Les limites du papier et d'Excel
Ressaisies, fichiers dispersés entre postes, versions multiples, formules cassées, conventions de nommage variables : la donnée devient difficile à retrouver, à comparer et à certifier. Le risque opérationnel augmente avec la taille du parc.
Relier le lot à sa machine et à sa période
Un lot prend de la valeur quand il est rattaché à la machine qui l'a produit, à la période de production et à l'opérateur de poste. Cette structure rend le lot interrogeable dans les deux sens : du produit vers la production, et de la production vers les lots impactés.
Répondre à un audit qualité ou à un rappel
Avec des lots structurés, retrouver les lots concernés par un composant suspect ou une période de production demande quelques minutes au lieu de journées de fouille dans des classeurs et tableurs.
Réduire les recherches manuelles
Les questions récurrentes du quotidien (Quel lot tournait à 14h ? Quelle est l'historique de ce lot ? Quels contrôles qualité y sont rattachés ?) sont résolues sans téléphone, sans ressaisie, depuis l'interface MES.

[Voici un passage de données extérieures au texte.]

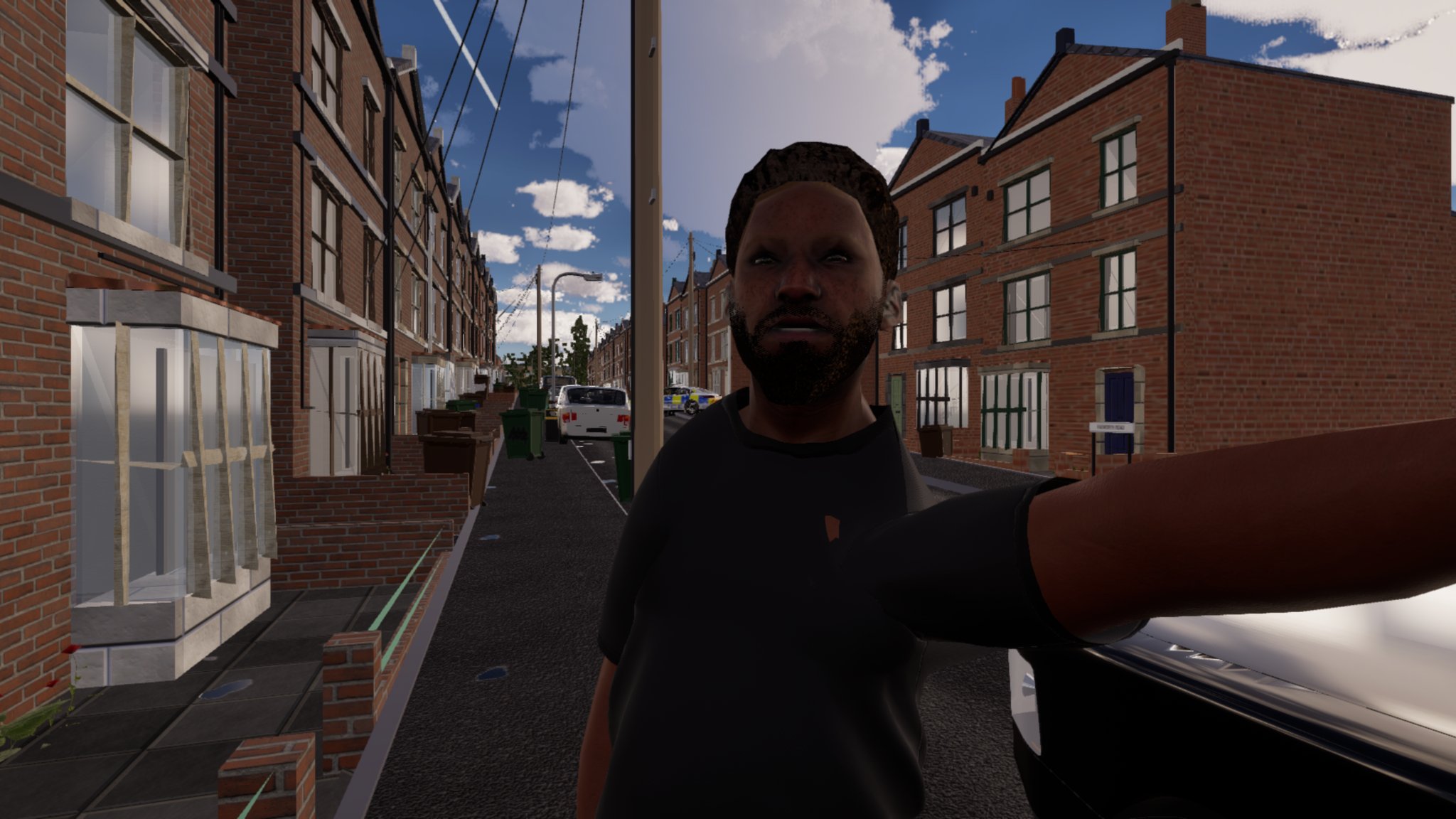 A bearded man in a black T-shirt stands close in front of the viewer on a terraced street in daylight, his left arm reaching out of frame towards the viewer's shoulder, a parked car beside him.
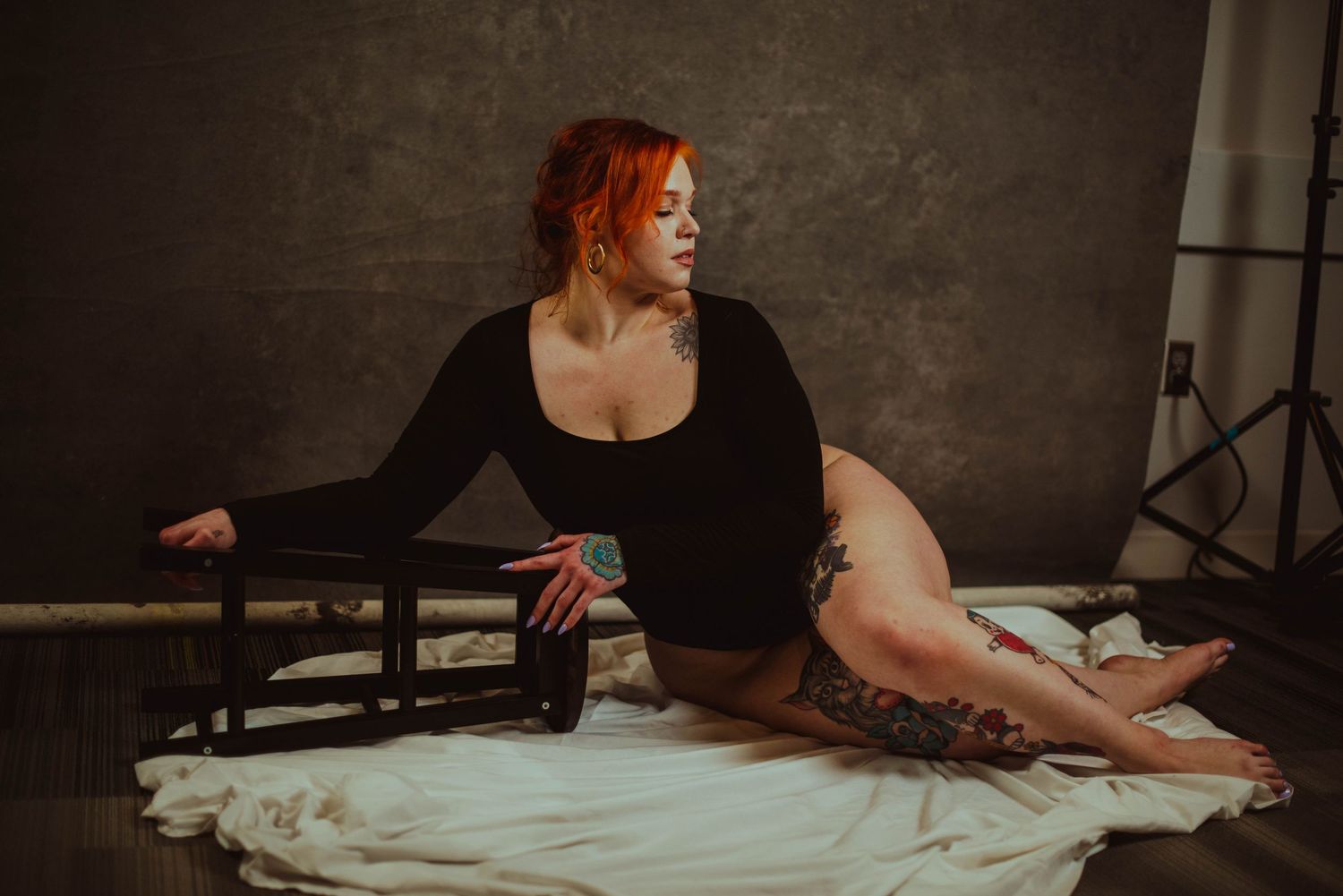 A curvy redhead woman with tattoos poses in a black bodysuit on a white sheet in a moody studio setting.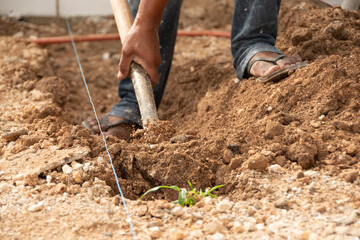 close-up shot of a man's hand digging with a shovel in the ground
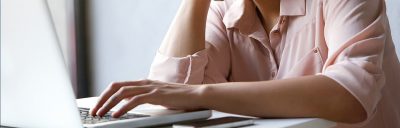 Young lady looking at the desktop screen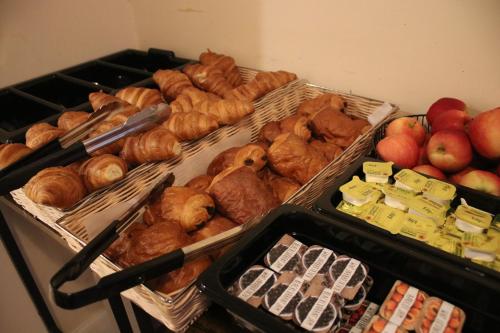 a group of baskets filled with different types of pastries and apples at Safestay Edinburgh Cowgate in Edinburgh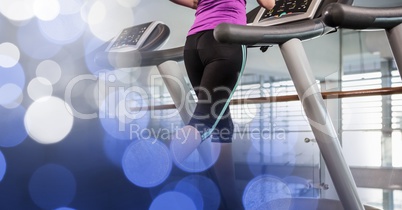 Midsection of woman running on treadmill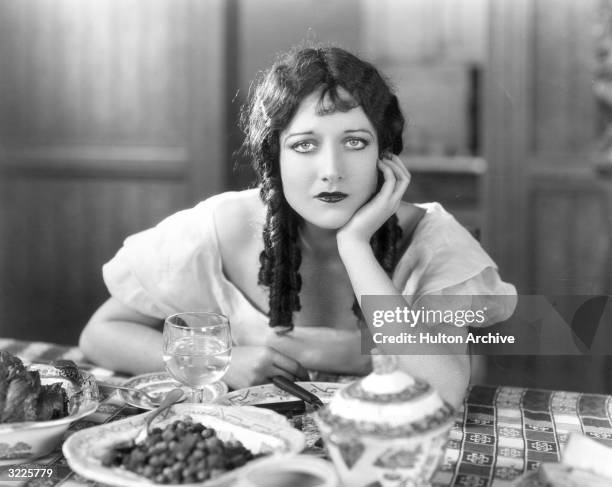 American actor Joan Crawford gazes at the camera, propping her chin on her hand, in a still from director William Nigh's film, 'The Law of the...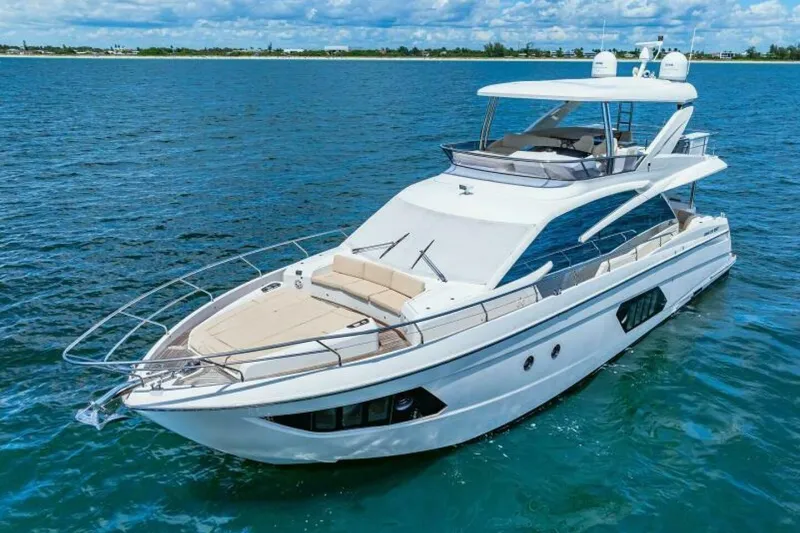 Mama's House Yacht Photos Pics Luxurious 2018 Absolute 60 Flybridge yacht cruising on open water.
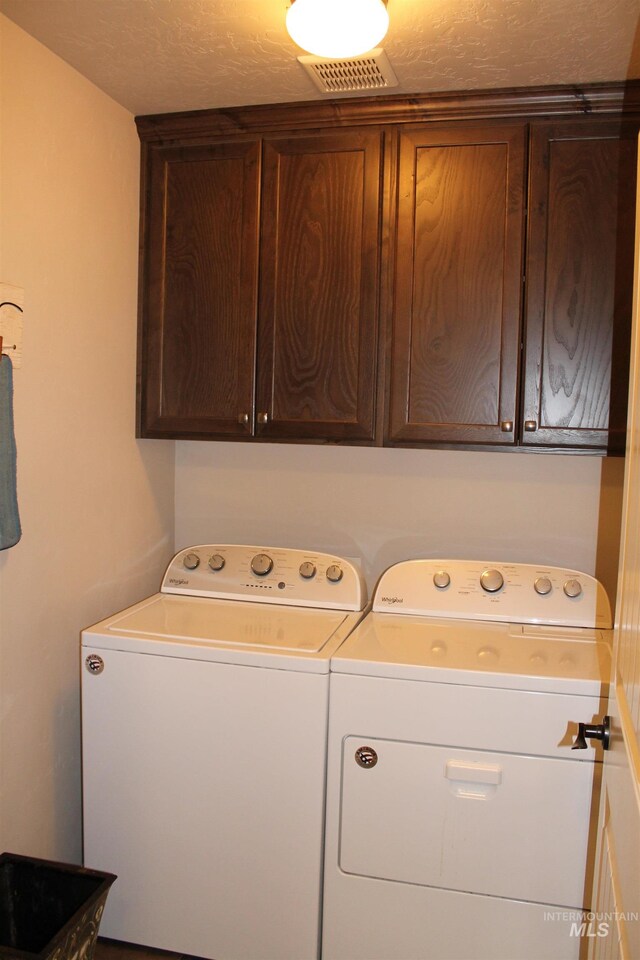 4951 W Torana St, Meridian, ID 83646 - laundry area featuring separate washer and dryer and cabinet space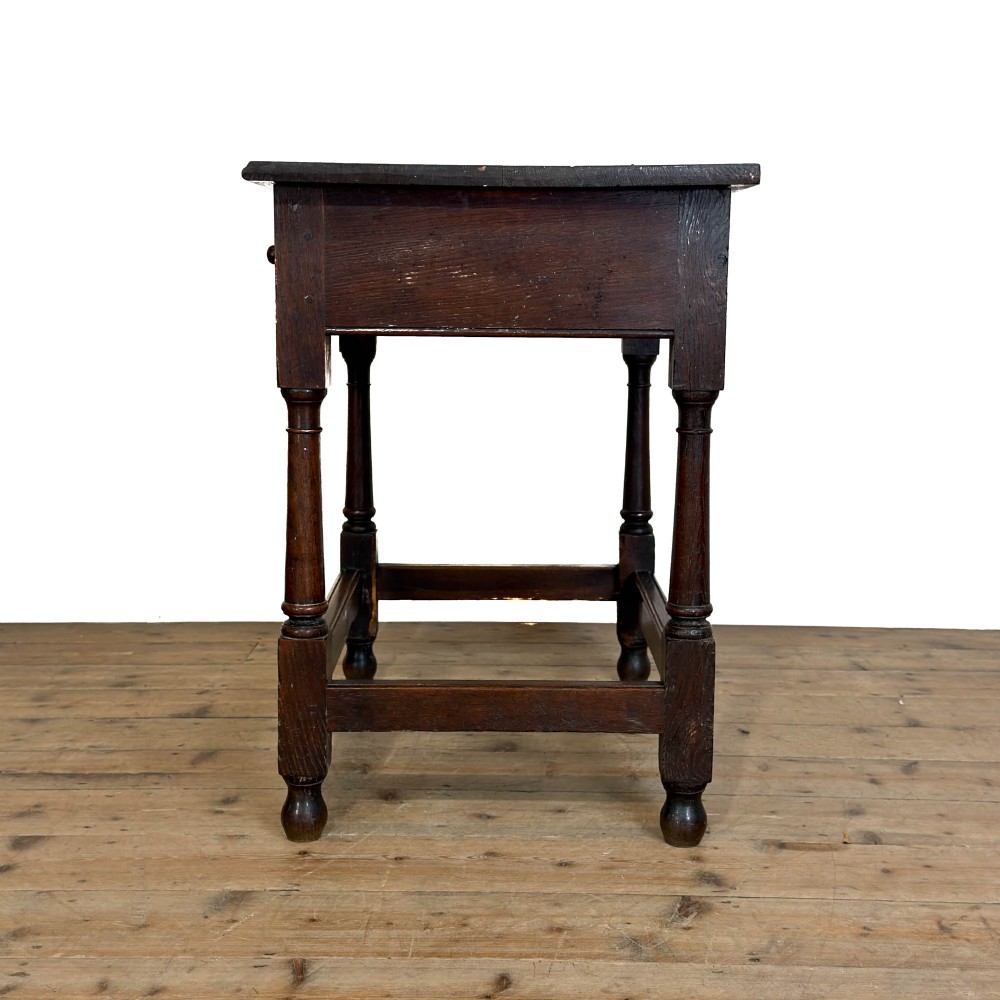 An 18th-century dark oak side table featuring a single drawer with turned wooden knobs, turned front legs, and lower stretchers. View VII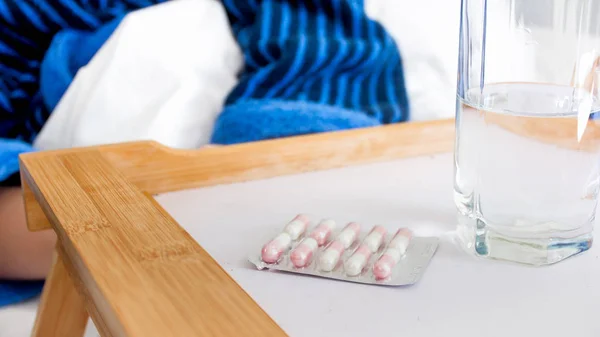 Closeup image of pills in blister and glass of water on tray in bed — Stock Photo, Image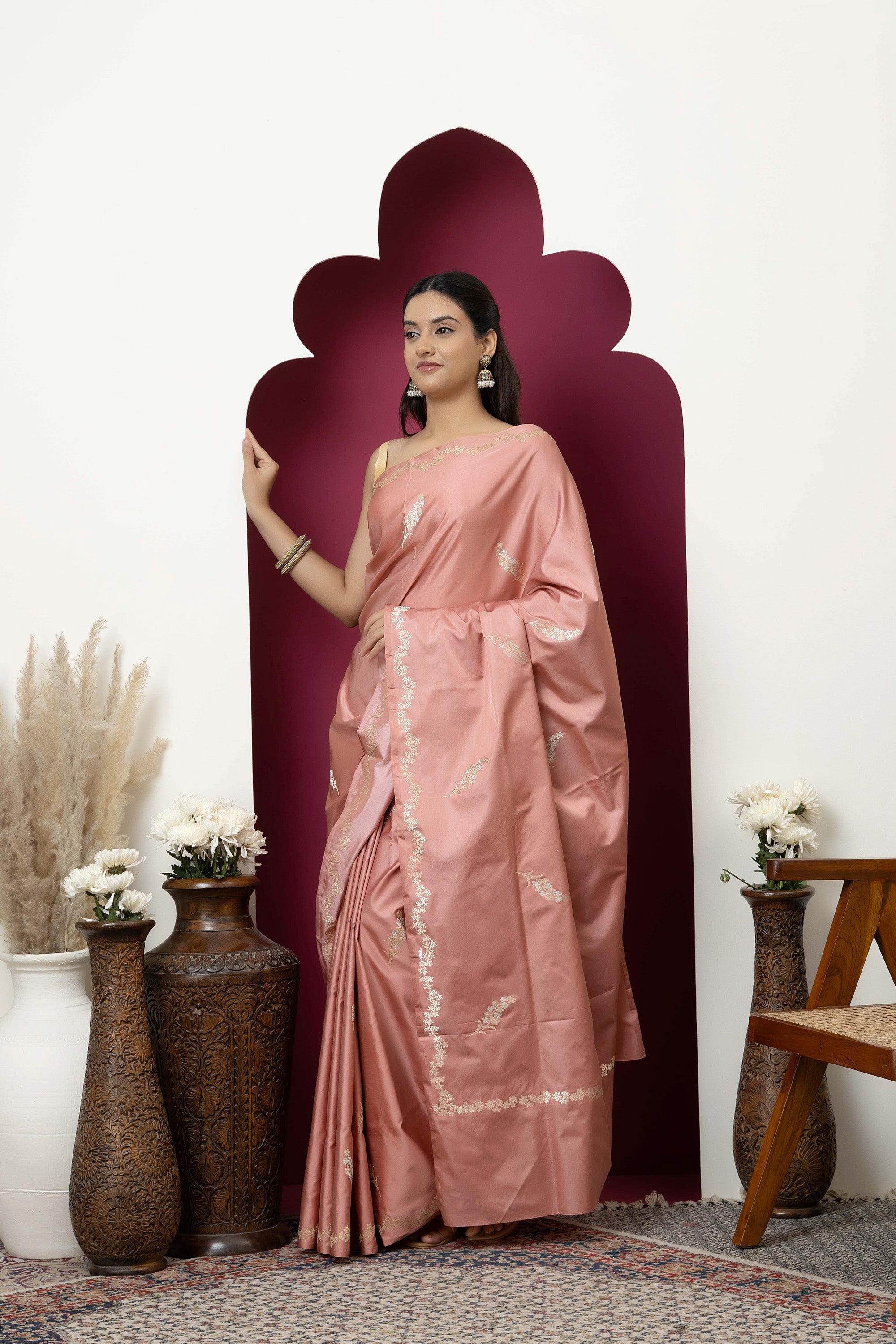 Banarasi Handloom rosewood pink pure Mashru Katan silk saree with running vine adorned with flowers on the border, small bute all over and zari border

Une traçabilité progressive
Inutile de tout remplacer d'un coup. On démarre sur une ligne ou une catégorie de produits, on valide le modèle avec la qualité et la production, puis on étend par paliers. Excel ne disparaît pas, il devient un outil d'analyse ponctuelle au lieu d'un référentiel.
À retenir
- Excel atteint vite ses limites en traçabilité.
- Un historique de lot relié à la production est précieux.
- La fiabilité des données accélère les audits.